XHJTA-FM
- Irapuato, Guanajuato; Mexico;
- Frequency: 94.3 MHz
- Branding: Radar

Programming
- Format: Spanish & English Pop (CHR)

Ownership
- Owner: Grupo ACIR; (Radio XHJTA, S. de R. L. de C. V. (pending sale to Corporación Bajío Comunicaciones));
- Operator: Corporación Bajío Comunicaciones
- Sister stations: XHITO-FM, XHXV-FM

History
- First air date: January 25, 1980 (concession)

Technical information
- Class: B1
- ERP: 25.08 kW

Links
- Webcast: Listen live

= XHJTA-FM =

Radio station in Irapuato, Guanajuato, Mexico

XHJTA-FM is a radio station on 94.3 FM in Irapuato, Guanajuato, Mexico. It is currently operated by Corporación Bajío Comunicaciones and carries a pop format known as Radar.

==History==
XHJTA received its concession on October 14, 1976. It was originally owned by Armando Cardoña Muñoz.

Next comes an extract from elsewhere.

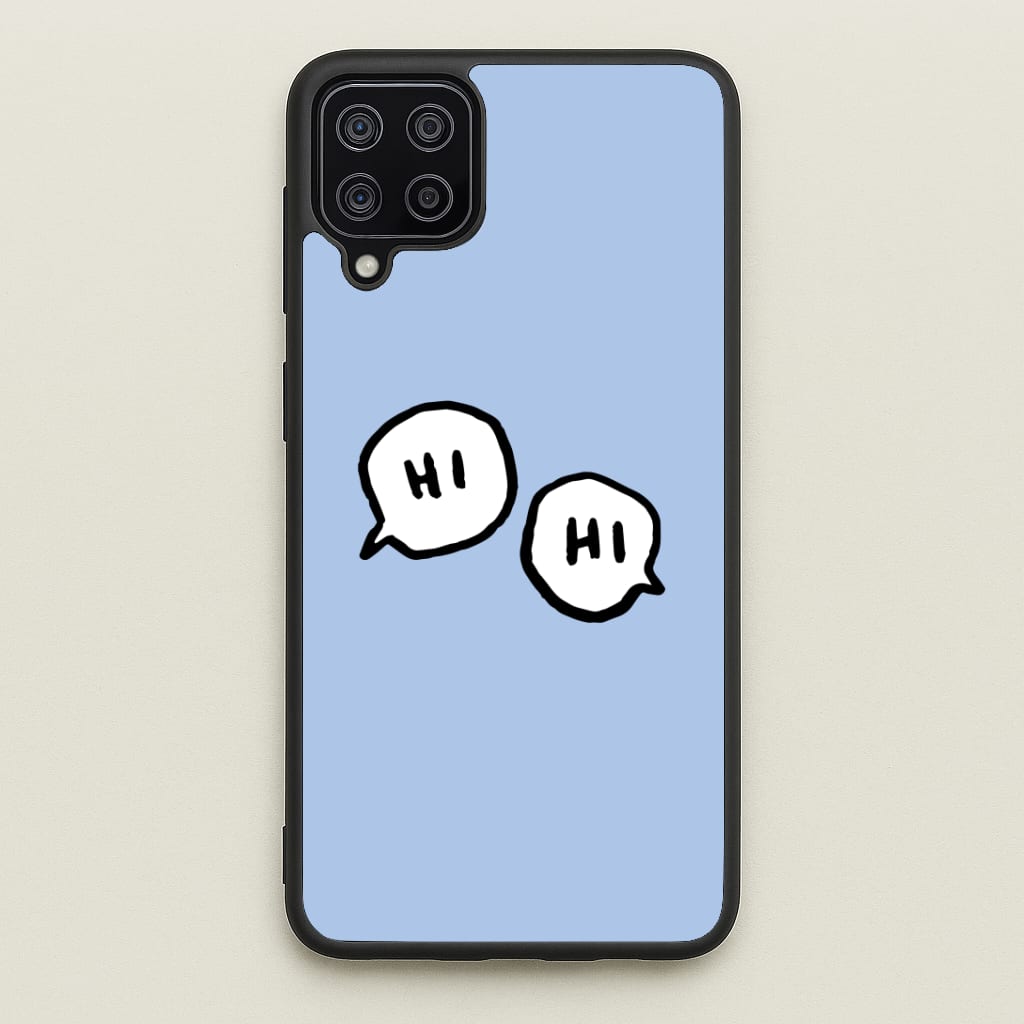 Hi Hi - Heart TV Phone Case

In 2015, operation passed from Radio Integral to Radio XHJTA when ACIR opted to create 34 new limited liability holding companies for most of its stations.

ACIR left the group in Irapuato along with XHITO-FM on December 31, 2025.
In February 2026, Corporación Bajío took over the station and adopted the Radar pop music brand based on XHQRO-FM 107.5 in Querétaro and XHXV-FM 88.9 in León.